Clearly, he saw education as an enterprise in which there were master teachers, who held the necessary knowledge of their trade, and students, who were to be depositories for this knowledge. It was a one-way understanding of education that didn't invite a diversity of perspective or experience into the conversation.
I responded that night saying, "What happens if students don't just want to make shoes?"
I believed (then and now) that education is a dynamic, contextual, interactive process, based on a community of teachers/learners participating together, who represent different voices, experiences, and perspectives and who need to explore voices outside their experience, as they seek to gain greater knowledge and understanding.
My question reflected something I learned years earlier from one of my favorite teachers, Jim Barlow, who taught high school in the Beaverton School District for over 40 years. Mr. Barlow's approach to education is detailed in a book he and Anil Naik wrote entitled "Unfettered: A Philosophy of Education."
In it, they say, "Young people are learning a mental process of actively and skillfully conceptualizing, evaluating, analyzing, synthesizing, and applying information to reach an answer or conclusion. They are learning a means to a way of seeing. … If a student develops the skill of critical thinking, they become more enthusiastic about the world because new situations and facts don't intimidate them. They are less afraid of the unknown and more curious to engage in it knowing they have a means to try and understand the unknown. … Schools can teach the skills involved in thinking critically and see that it is practiced."
In short, education is more than learning what to believe. It is about learning how to think.
Mr. Barlow was a master at helping students become critical thinkers in a complex world. We need more, not less, critical thinkers today.
For example, as Oregonians, shouldn't we learn both about what was involved for 19th-century Americans to travel along the Oregon Trail, as well as about what happened to Native peoples who had their lives and livelihoods destroyed as a result of this migration or about what happened to Black individuals who were banned from settling in Oregon because of exclusionary laws?
Why wouldn't our learning of Oregon history include the experiences and perspectives of those who were victims of the Indian schools, as well as the stories of new migrants to this region?
Learning should encompass the complexity and diversity of our stories for it to be full and complete.
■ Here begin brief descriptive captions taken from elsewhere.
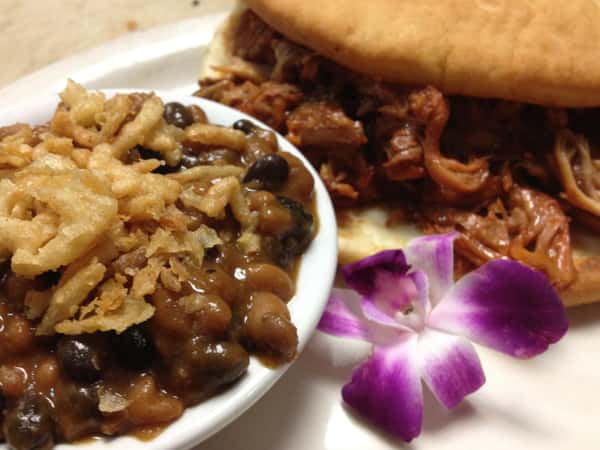 a brisket sandwich with a side of pot pie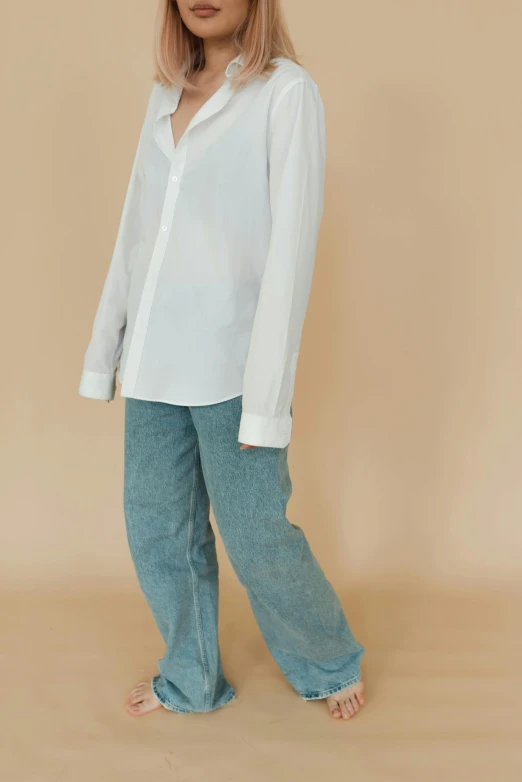 a woman wearing a white shirt and blue pants, by Nina Hamnett, corduroy, zoomed out full body, white poet shirt, full product shot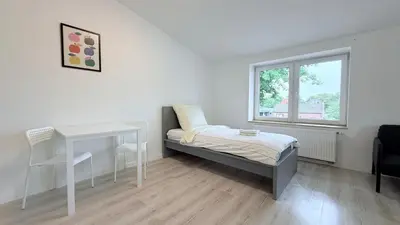 Ein Bett oder Betten in einem Zimmer der Unterkunft Monteurwohnung Brunsbüttel zentrale Lage mit Parkplatz & Schleusenblick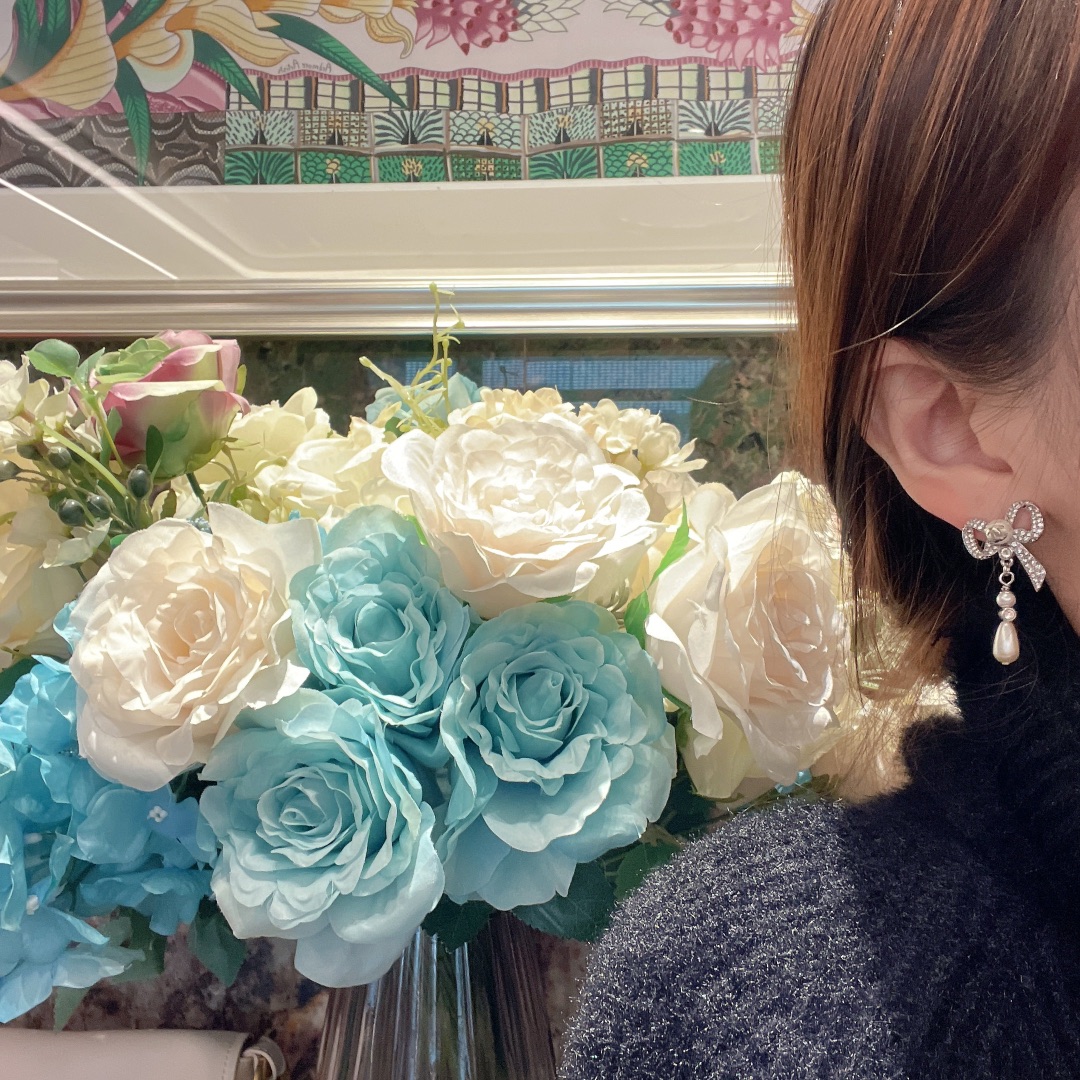 Chanel diamond bow earrings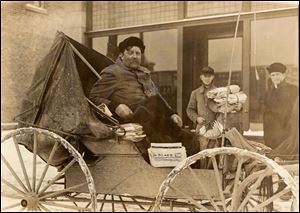 Charles Kent, a Rural Free Delivery carrier for Route 7, prepares to take mail to northwest Ohio's rural families in this undated photo. The Rural Free Delivery system revolutionized postal service for farm families, allowing delivery of 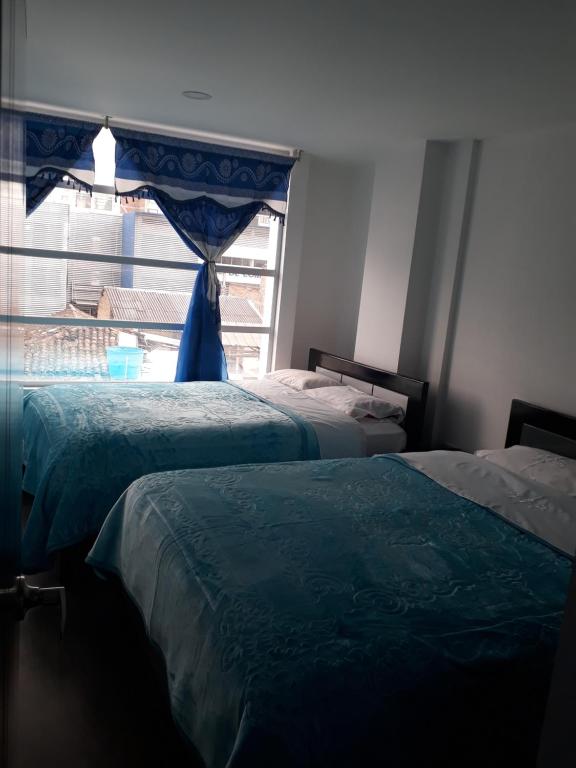 Postel nebo postele na pokoji v ubytování Hotel Royal Class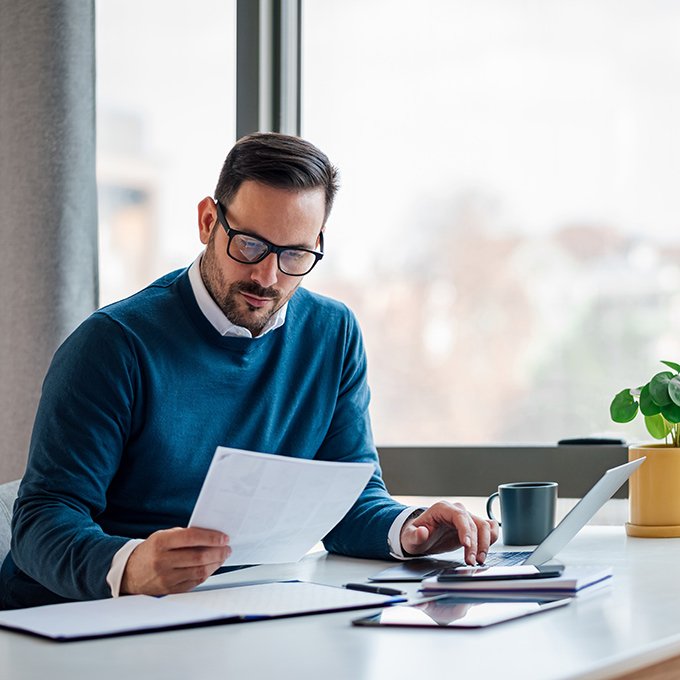 Business owner reviewing documents while planning the sale of a company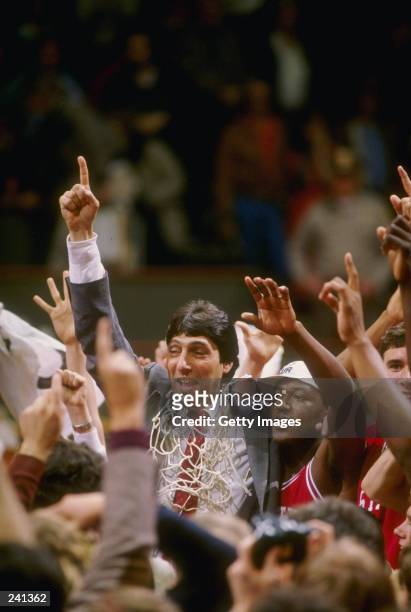 Head coach Jim Valvano of the North Carolina State Wolfpack celebrates with his team after the Wolfpack defeated the Houston Cougars 54-52 in the...
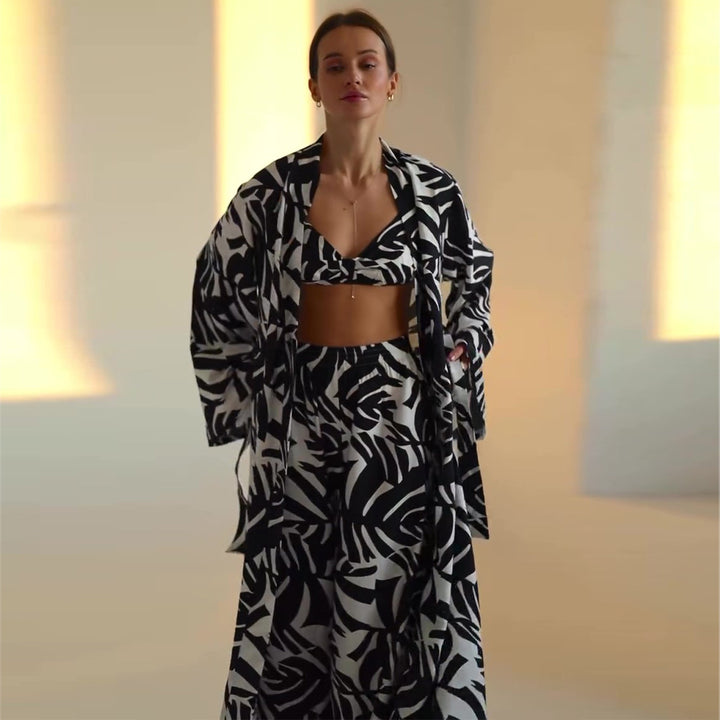 Kvinders strandoutfit med trendy blomsterprint Skovae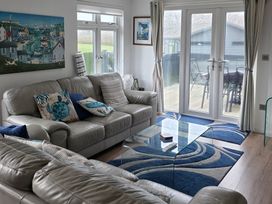 A living room with a sofa and glass table at Hoburne Naish - HE16 Seaclusion New Milton
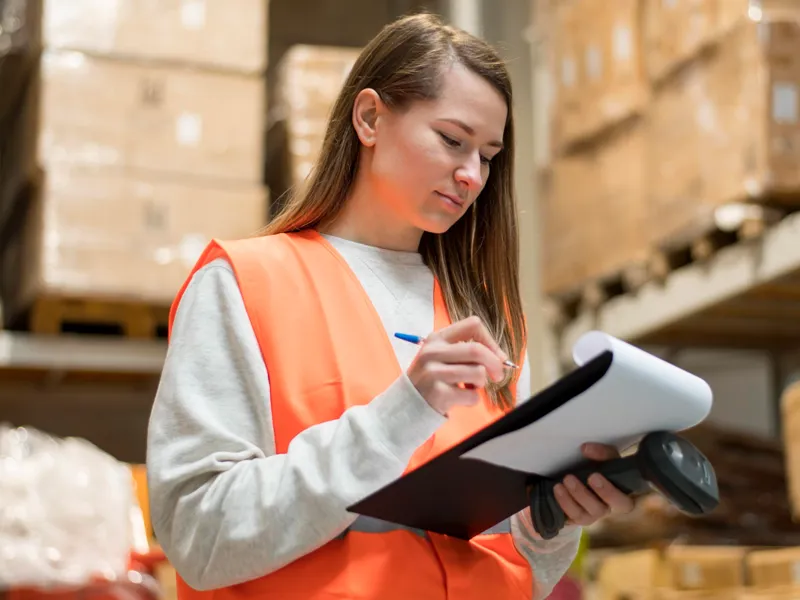 A warehouse worker checks a document on a clipboard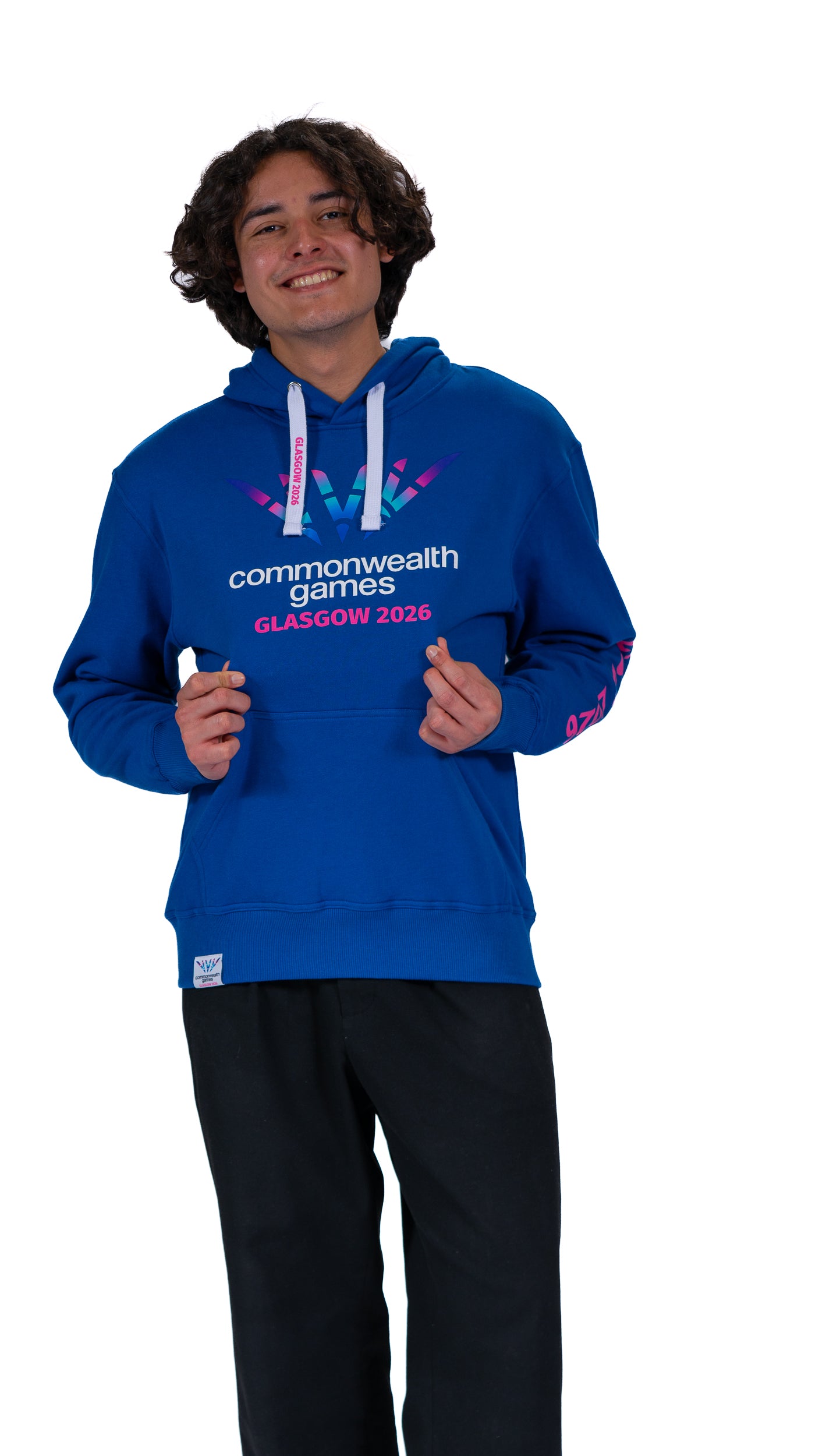 Man wearing unisex, denim hoodie with full colour Glasgow 2026 logo on the front and Glasgow 2026 on the sleeve.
By not hearing from multiple perspectives, we receive a partial education, making it difficult to live in and navigate a diverse world.
Many of today's educational debates center around not just understanding our past, but also learning how to apply critical thinking to our current reality. What does it mean when we fail to understand the fullness of our history or the complexity of our world? It means we settle for simply making "shoes" in a world that demands much more from us.
A lot is at stake in the current debates about our schools. Are we committed to teaching our children how to become critical thinkers, or will we settle for something less?
Lowell Greathouse is a retired United Methodist minister who served local churches in Beaverton, Lake Oswego and Portland. He lives in Forest Grove.